→ **RECORDED DATA**:
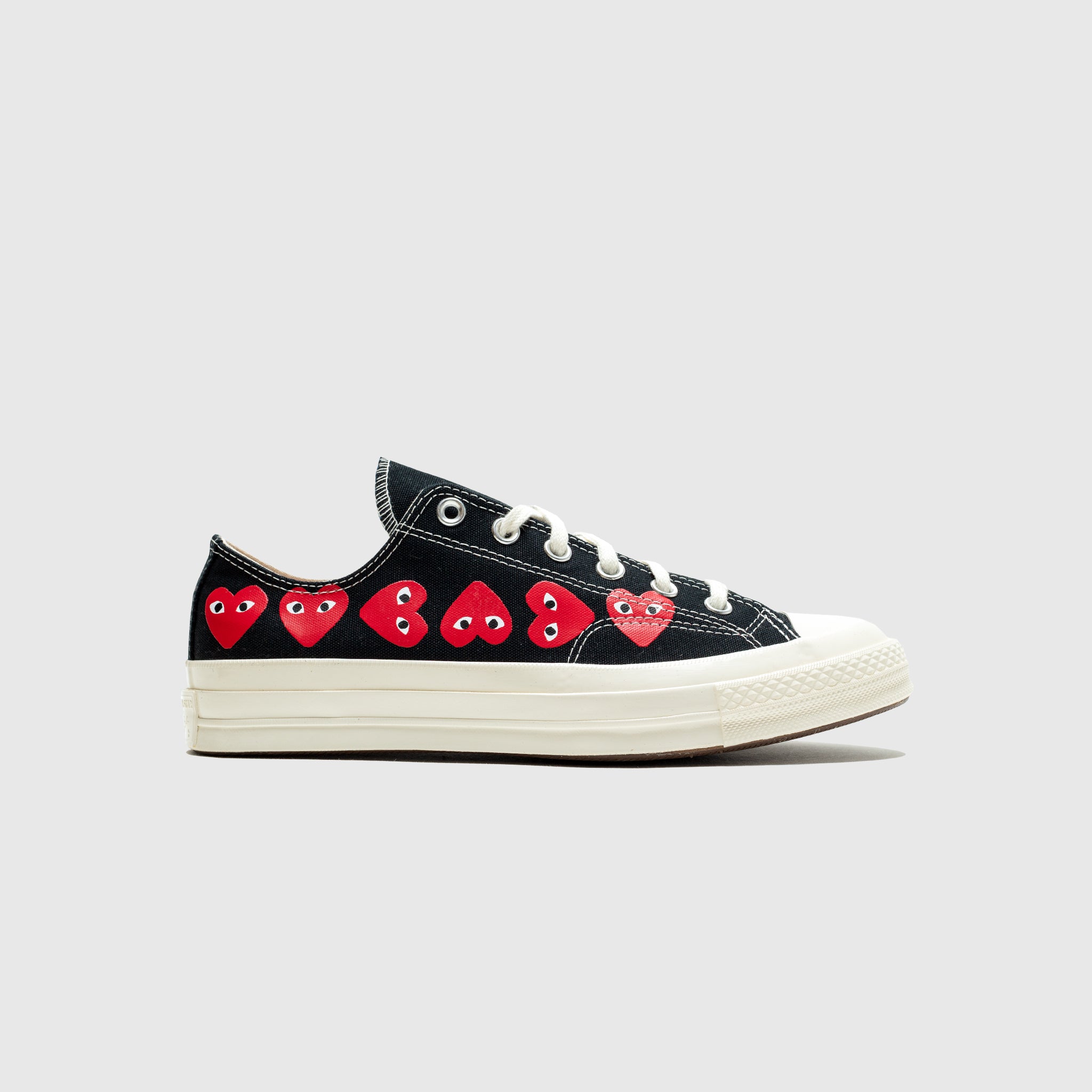 CHUCK TAYLOR ALL-STAR '70 OX BLACK/RED MULTI HEART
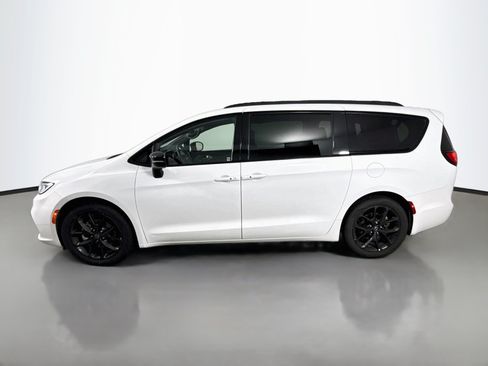 Used 2025 Chrysler Pacifica Limited FWD image 4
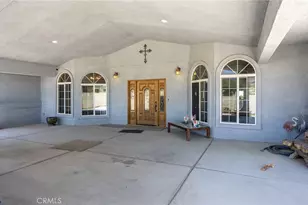 1220 Smoke Tree, Pinon Hills, CA 92372 - Photo 6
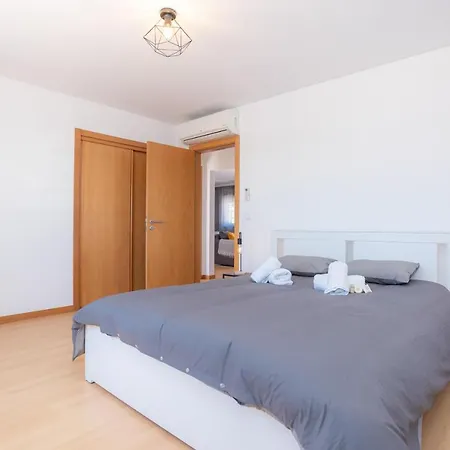 Apartment Terrace Bairro Novo By Rent4all *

→ **YOUR INSTRUCTIONS**: Would you return all of the data above word for word, omitting every picture?

→ **RESULT OF THE TASK**:
 CHUCK TAYLOR ALL-STAR '70 OX BLACK/RED MULTI HEART
 Used 2025 Chrysler Pacifica Limited FWD image 4
 1220 Smoke Tree, Pinon Hills, CA 92372 - Photo 6
 Apartment Terrace Bairro Novo By Rent4all *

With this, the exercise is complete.